Il mese di marzo è un periodo decisamente interessante per i prodotti dell’orto, poiché si potranno ancora gustare le ultime varietà invernali e approfittare dei primi esemplari primaverili. La Festa dell’8 Marzo, di conseguenza, si riempie di colore e di sapore, ma anche di tanta salute.

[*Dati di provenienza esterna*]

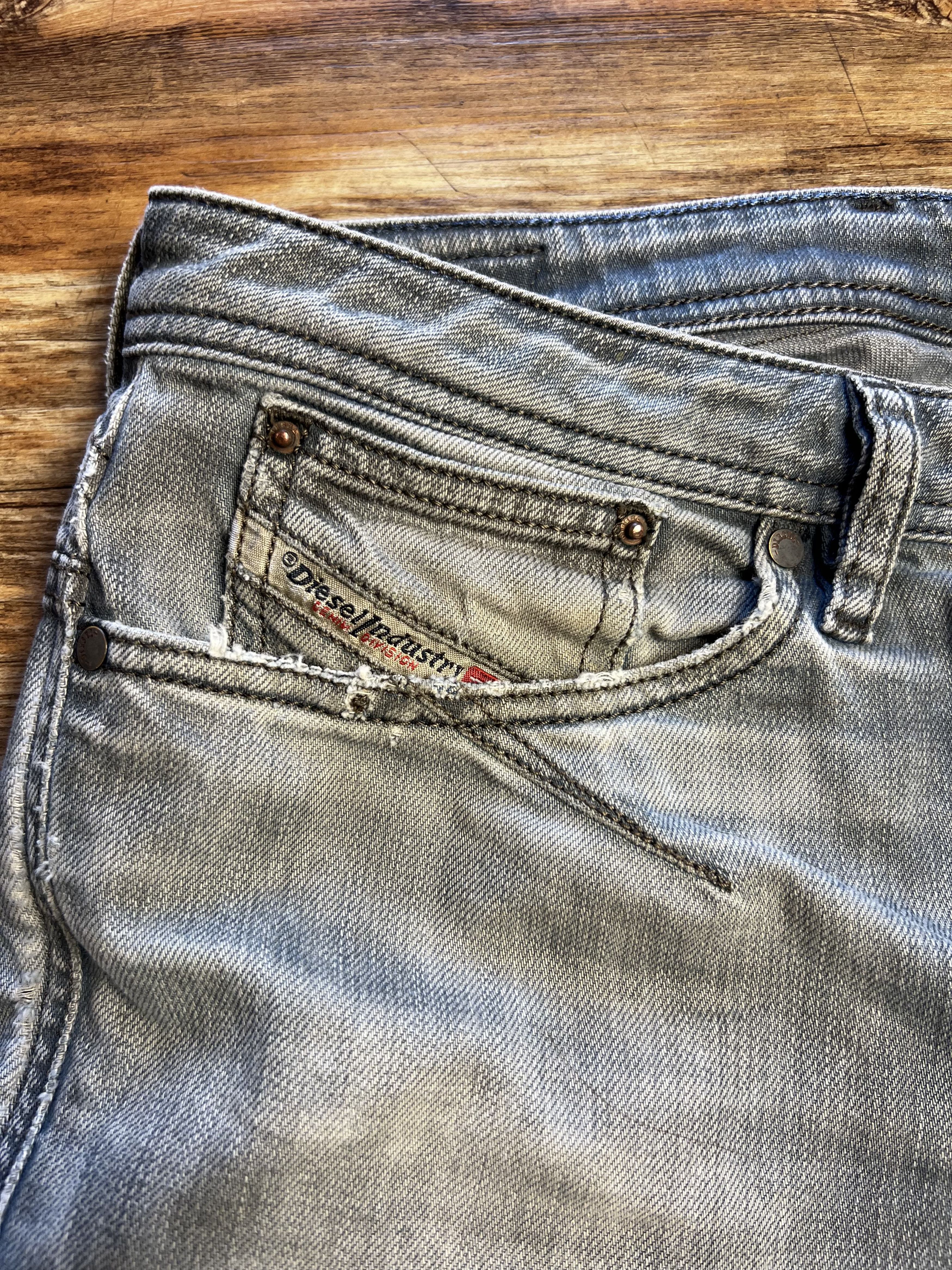 Diesel Vintage Diesel Denim Wash 0886A Stretch Shioner Jeans Size US 30 / EU 46 - 6 Thumbnail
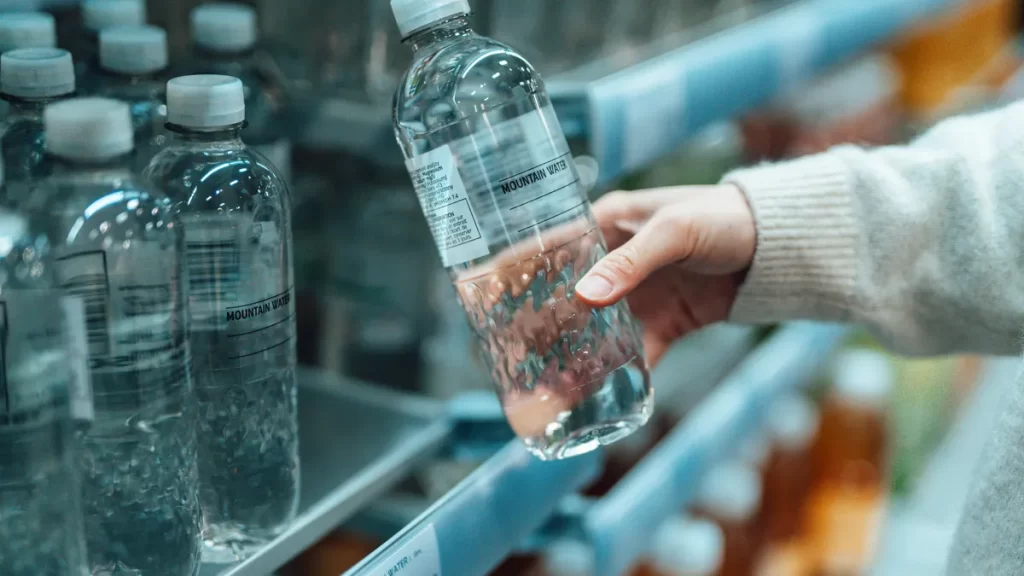 How can bottled water be sustainable?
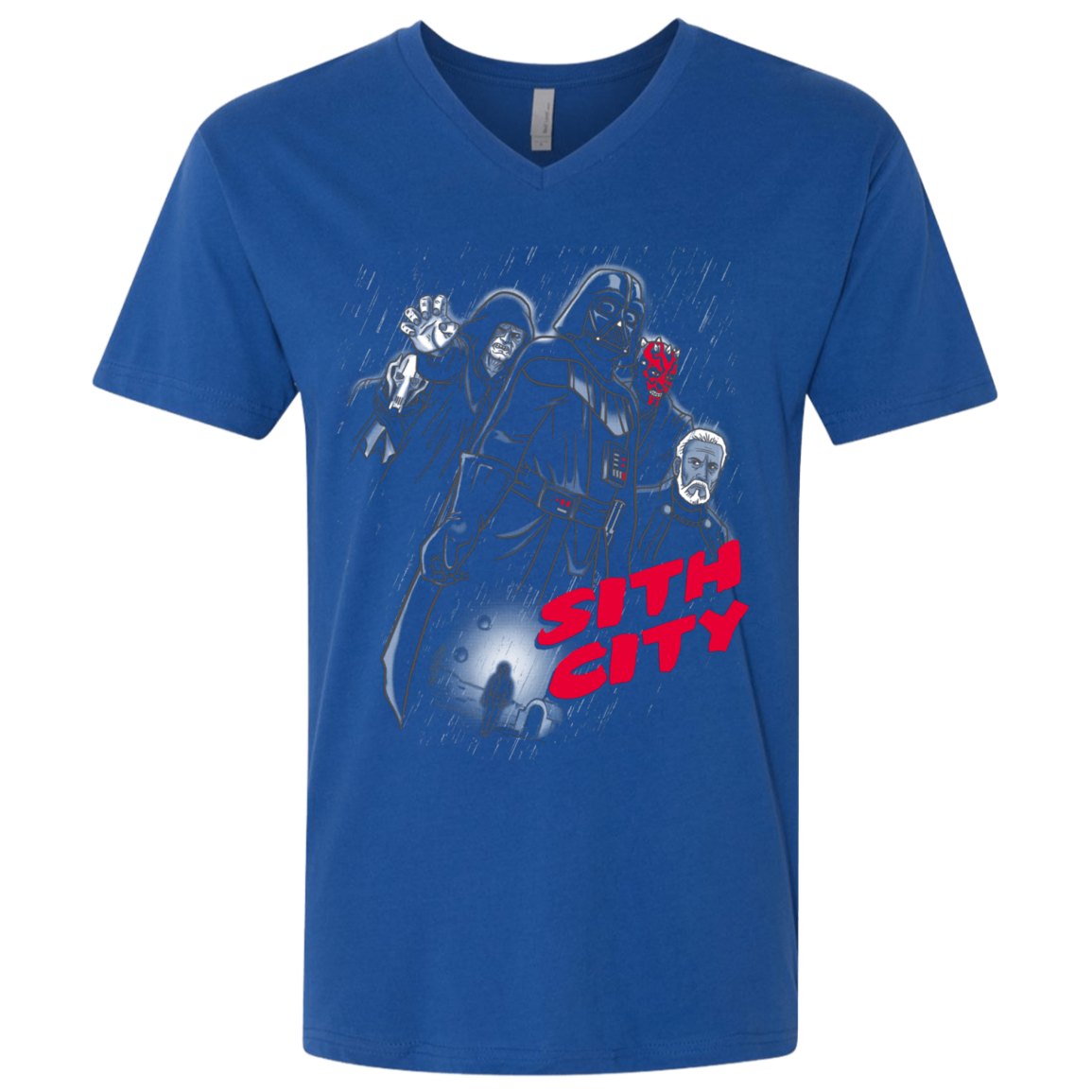 Sith city Men's Premium V-Neck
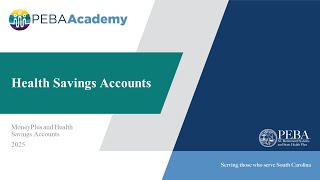 2025 MoneyPlus and Health Savings Accounts: Health Savings Accounts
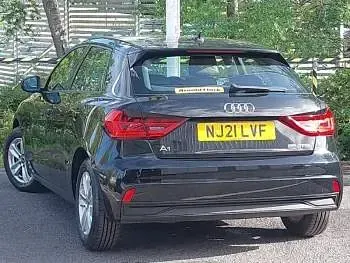 Used Audi A1 Design 95 HP (69 kW) 2021 Black SUV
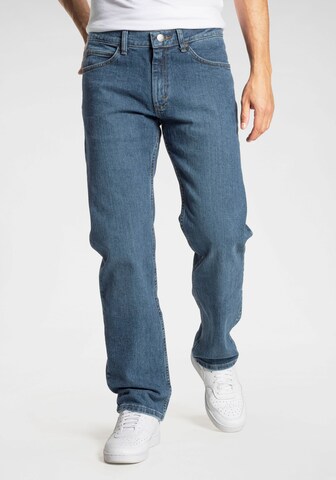 Lee Regular Jeans in Blau: Vorderseite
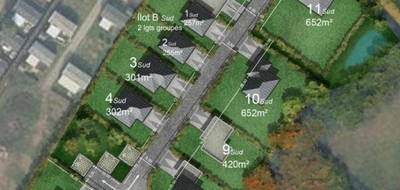 Terrain seul à Pornichet en Loire-Atlantique (44) de 255 m² à vendre au prix de 210000€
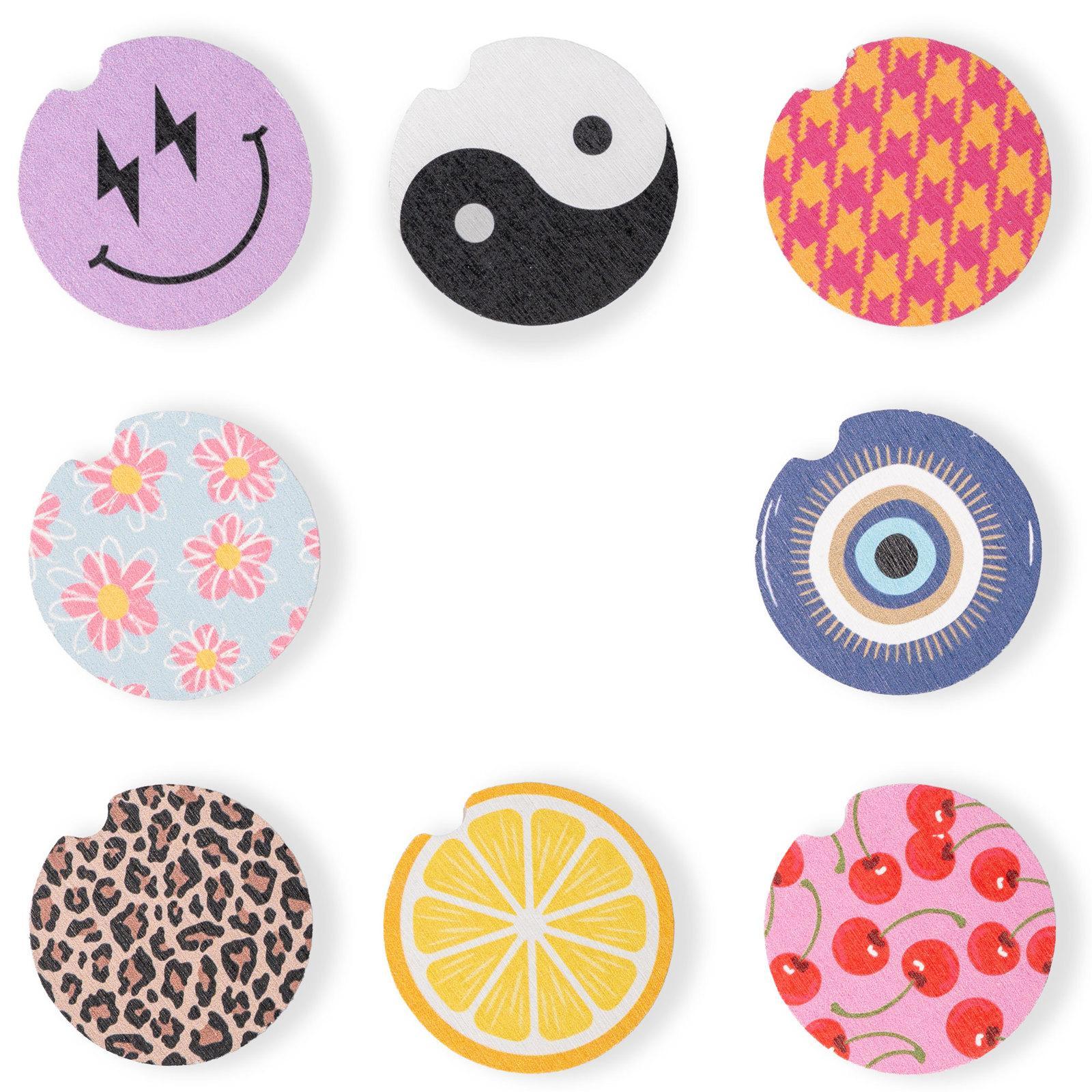 Crush™ Girl's Trip Cup Holder Coasters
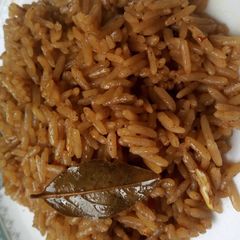 A picture of Brown rice.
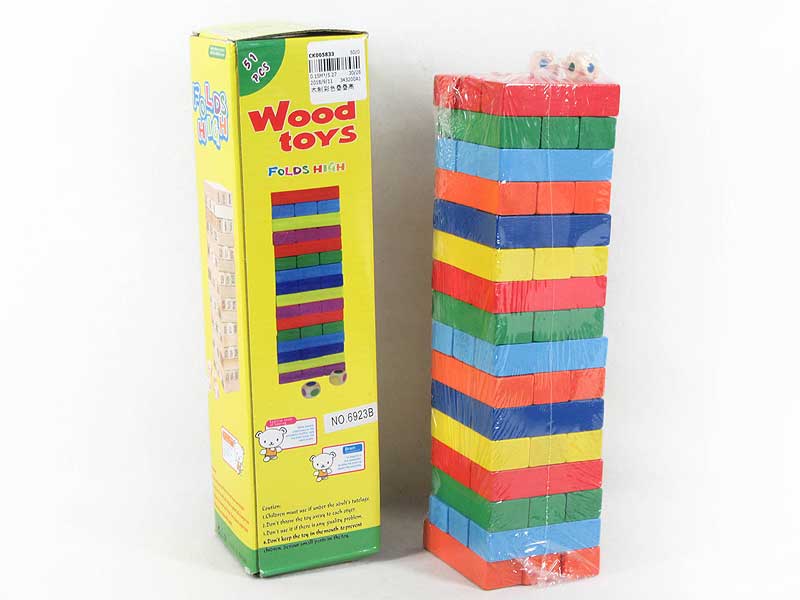 Wooden Pile up toys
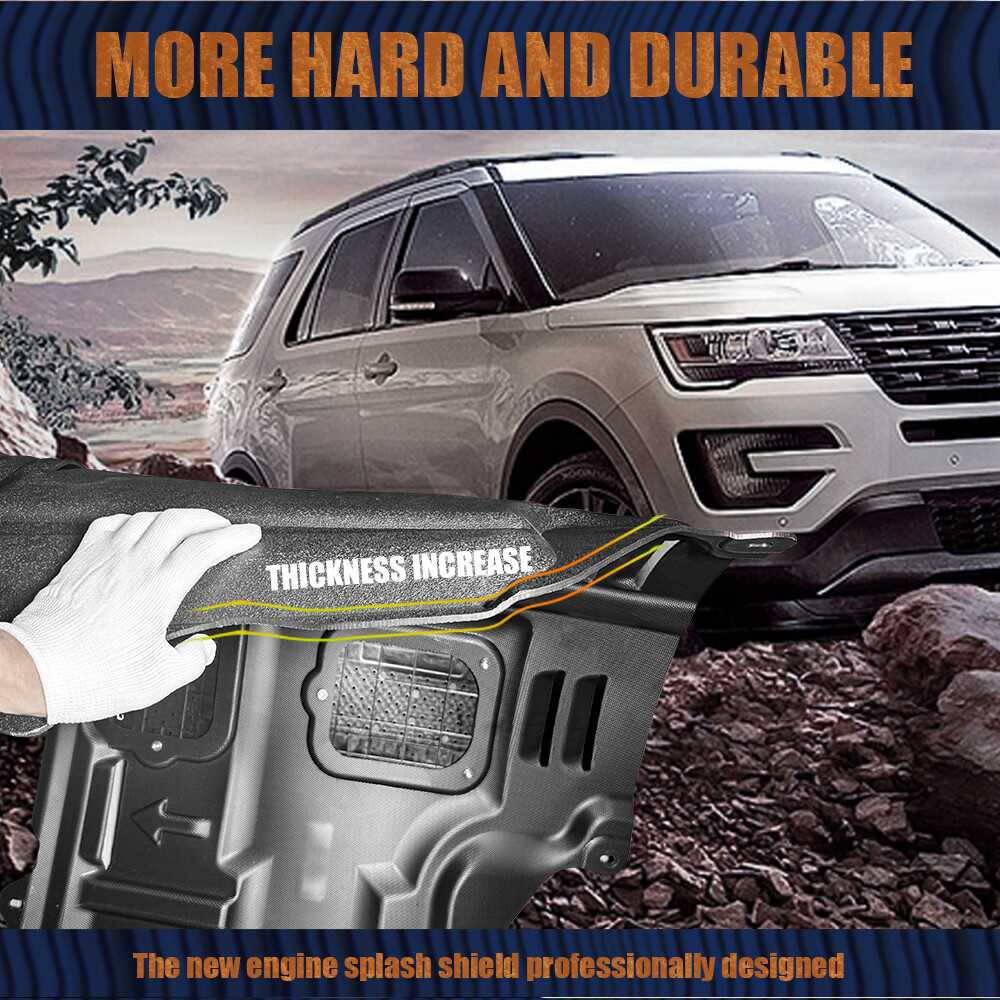 For Dodge Journey 2012-2019 Front Engine Splash Shield Engine Cover Case Guard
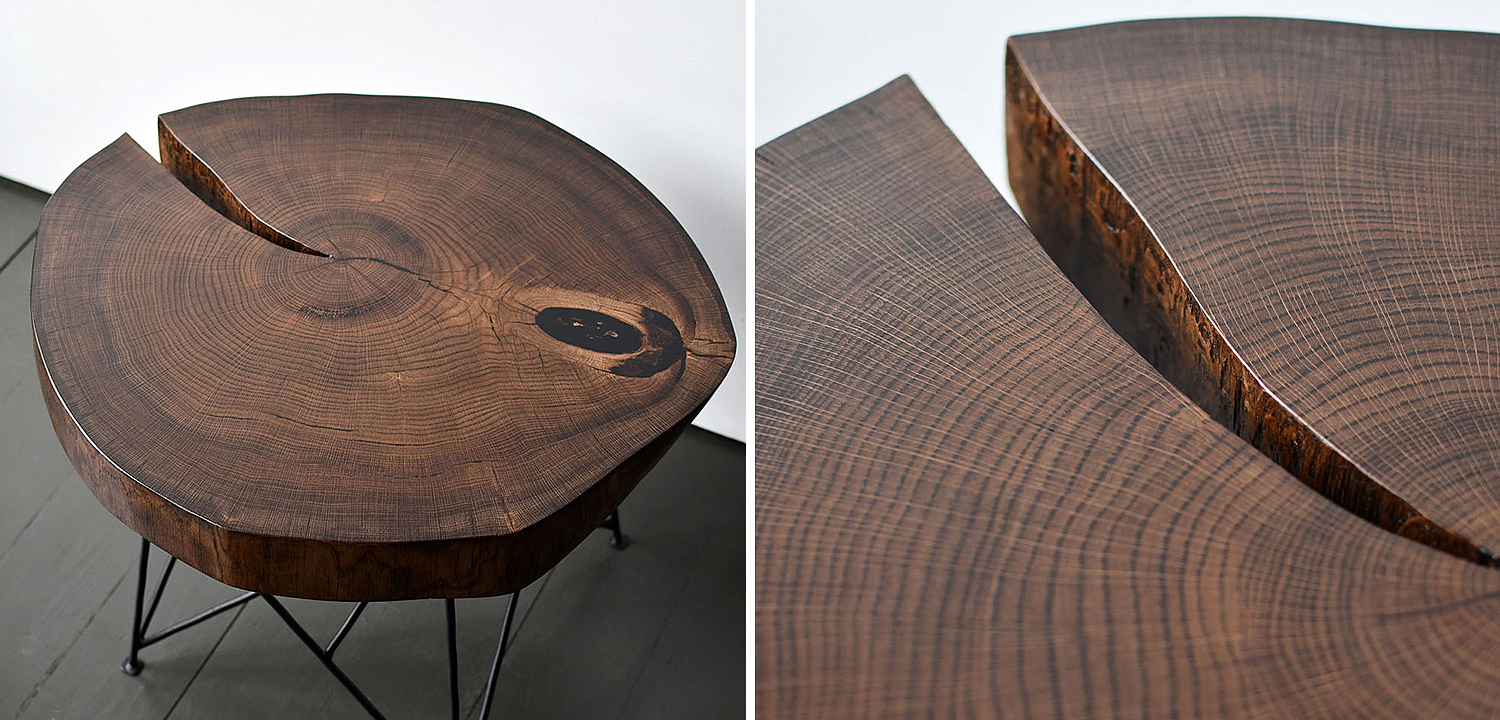 Кофейный стол Bradleigh Industrial Metal Rust Coffee Table Кофейный стол Bradleigh Industrial Metal Rust Coffee Table - Loft-Concept в Саратове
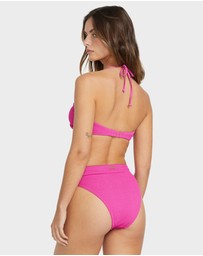 Billabong - Womens Summer High Bikini Top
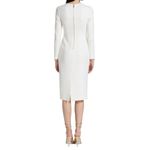 DUNDAS bride wool Ivory Long sleeve NWT Carter Cut Photo 1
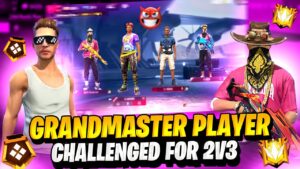 Testing Grandmasters Player To Join Our Guild Team D - Garena Free Fire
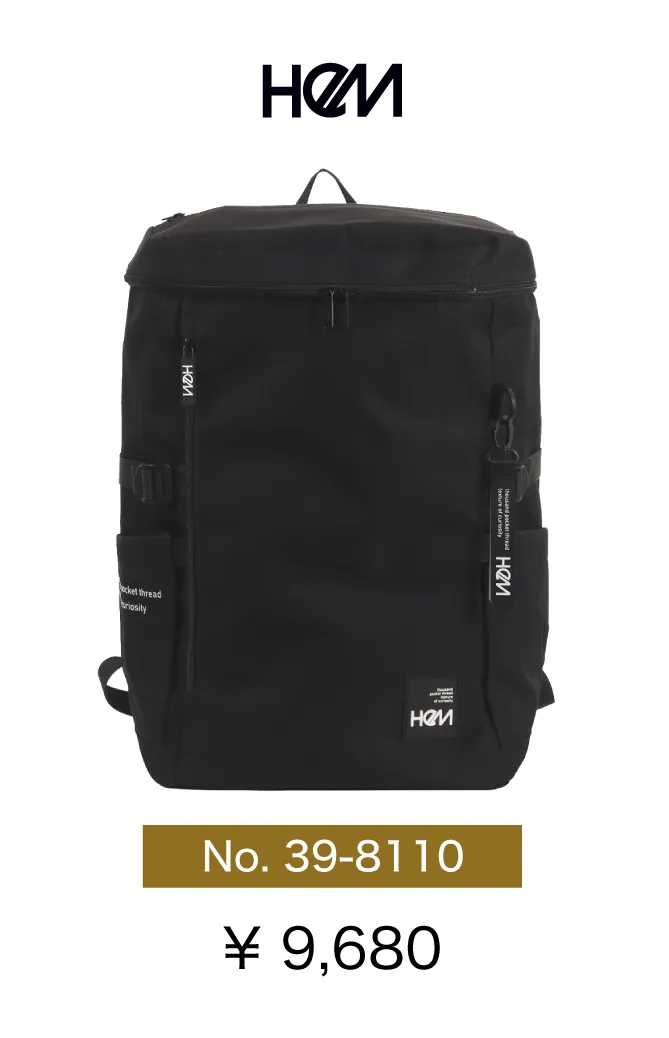 HeMのリュック39-8110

Ancora largamente disponibili tutte le varietà di cavolo e cavolo cappuccio, ma anche le verze tardive, così come l’ultima scorzonera e la lattuga iceberg. Spazio alla leggerezza a tavola quindi con il lattughino novello, morbido e delicato, ma anche carote, pomodorini a grappolo da serra, le varietà precoci di songino e dragoncello, biete da costa, rucola, cicoria e scarola. Per la Festa della Donna via libera, poi, alle erbe aromatiche, anche con un simpatico tocco d’Oriente: coriandolo, prezzemolo, salvia, il primo aneto e l’immancabile timo. Spazio anche a tuberi e radici: oltre alla classica patata, si potrà stuzzicare il palato con il sapore dolce delle batate, quindi rape, topinambur e il salutare zenzero.

Ortaggi da seminare

La Festa della Donna può essere anche l’appuntamento ideale per cominciare un nuovo, ed estremamente gratificante, hobby: quello della coltivazione dell’orto. Sono moltissime le varietà che proprio a marzo trovano il clima ideale per la semina e la messa in dimora, alcune di cui approfittare già a ridosso con aprile, altre da raccogliere con l’approssimarsi dell’estate.

A marzo, soprattutto se le condizioni climatiche lo permettono, è possibile coltivare tutte le varietà primaverili di insalata, come lattuga, scarola, valerianella, indivia, radicchio e cicoria. Quindi si può imbastire la coltivazione dei primi legumi in semenzaio, come fagiolini e fave, per una degustazione a ridosso con l’estate. Spazio anche a cetrioli, le prime melanzane, finocchi, zucchine, i primissimi ravanelli, topinambur, patate, patate dolci e molto altro ancora.

Per chiudere in bellezza e salute questo veloce excursus, vale la pena ricordare come marzo sia anche il periodo dell’avvio della coltivazione di aglio e cipolla, due ortaggi che non devono mai mancare in cucina. Non solo perché dal sapore intenso e indispensabili come condimento e soffritti, ma anche per le loro proprietà benefiche per l’organismo. Aglio e cipolla, infatti, sono ricchi di sali minerali e antiossidanti, inoltre manifestano un blando effetto disinfettante e antibatterico, utili anche per rafforzare l’organismo in vista degli ultimi sbalzi di temperatura, gli ultimi malanni da raffreddamento o la tipica stanchezza primaverile dovuta al cambio di stagione.